British railway signalling system

The railway block signalling bell code is a system of bell sounds used in Great Britain to communicate between manually operated Signal Boxes in implementing the railway block system. (The bell system is not used in modern power signal boxes, other than to any older adjacent signalboxes.) Each such signal box has a bell circuit to the boxes on either side of it along the line. The equipment consists of a plunger or tapper (rather like a Morse key) which when pressed, rings a single-stroke bell in a neighbouring box.
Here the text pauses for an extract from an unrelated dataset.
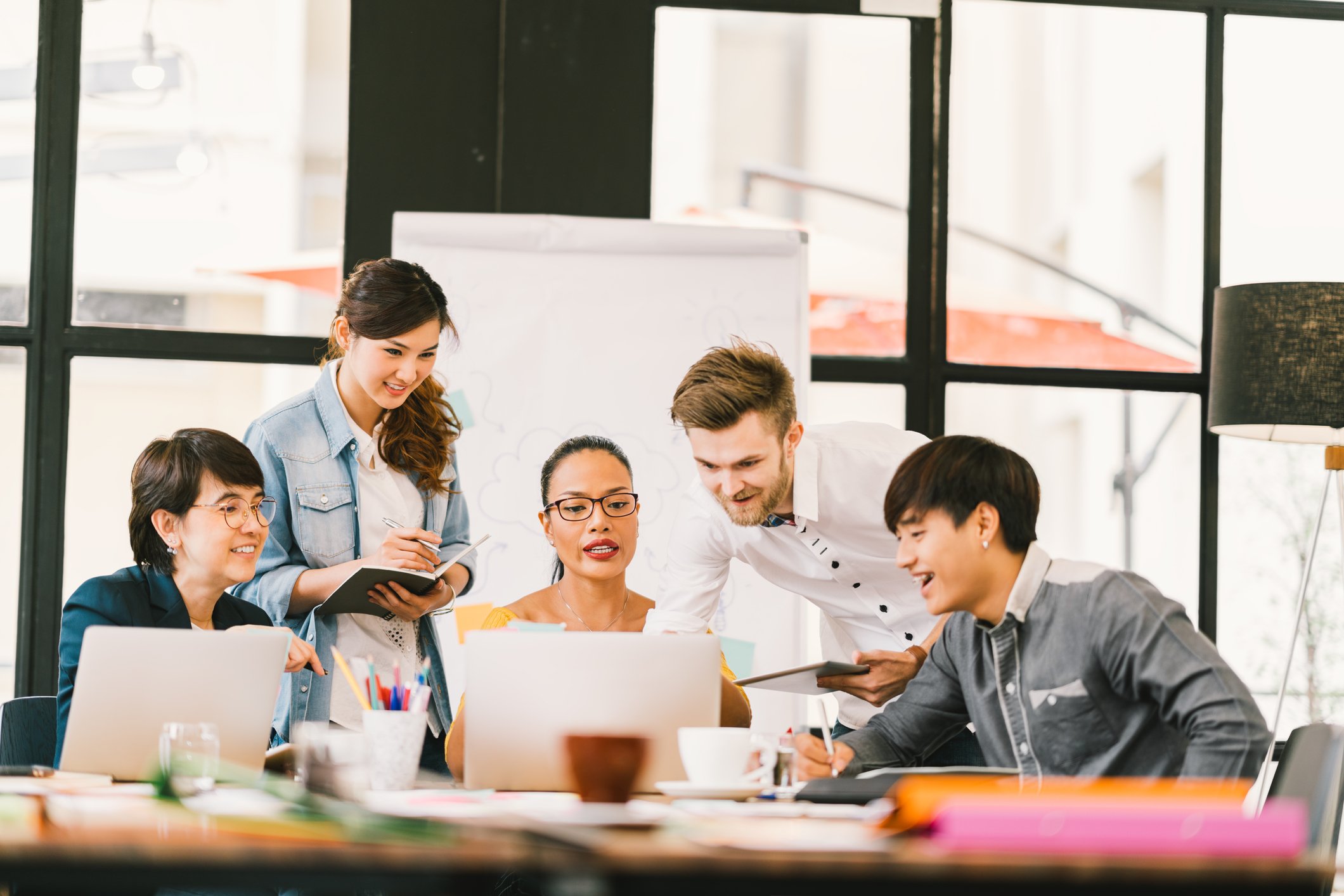Workers gather around a laptop in a meeting room.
That box similarly has a tapper for communicating back, so boxes have keys each of which rings the bell in a neighbouring box. The bells sound different tones, so that the signalman can tell them apart by ear.

== Examples ==

Although codes varied from region to region, the following shows a few selected standard UK bell codes:

| Code | Meaning |
|---|---|
| 1 bell | Call attention |
| 2 bells | Train entering section |
| 2 - 3 bells (2 bells, pause, 3 bells) | Is line clear for light engine? |
| 2 - 2 - 1 | Is line clear for empty coaching stock train? |
| 3 | Is line clear for stopping freight train? |
| 3 - 1 | Is line clear for stopping passenger train? |
| 3 - 1 - 1 | Is line clear for express freight train? |
| 4 | Is line clear for express passenger train? |
| 4 - 1 | Is line clear for mineral or empty wagon train? |
| 2 - 1 | Train arrived |
| 3 - 3 | Blocking back outside home signal |
| 5 - 2 | Release token [for single line sections only] |
| 2 - 5 | Token replaced |
| 5 - 5 - 5 | Opening signal box |
| 7 - 5 - 5 | Closing signal box |
| 6 | Obstruction danger |
| 4 - 5 - 5 | Train running away on Right Line |
| 2 - 5 - 5 | Train running away on Wrong Line |
| 16 | Testing bells and instruments |

== Typical use ==

These would be used as follows (assuming a simple exchange between two signal boxes on a plain section of line) between two signal boxes A and B. Assume a train is to pass from the block controlled by A to the block controlled by B. This must be agreed and permitted by the signalman in box B. Here is the sequence of bell codes and associated actions:

1. Box A sends 1 bell to box B. (Call attention.)
2. Box B replies with 1 bell to box A. (Acknowledgement, indicating readiness.)
3. Box A sends 4 bells to box B. (Is line clear for express passenger train?)
4. Box B sends 4 bells to box A. (Acknowledgement, if in the position to accept the train giving permission for box A to signal the train into the block controlled by B.)
5. (when the signalled train enters the portion of line between A and B.) Box A sends 2 bells to box B (Train entering section) as the train passes box A and enters the block controlled by B. This is acknowledged by box B.
6. Box B sends 2 - 1 bells to box A (Train out of section) after confirming that the train has arrived complete and no portion of it remains within the block section between A and B or the clearing point for that section. This could be done by the guard of the train notifying the signalman or by the signalman observing the tail-lamp. This is acknowledged by box A.

== See also ==
- Bell codes are used on multiple unit trains for communication between drivers and guards, but are not the codes listed above.
- Whistle codes are used by railway engines to communicate with signal boxes and other staff.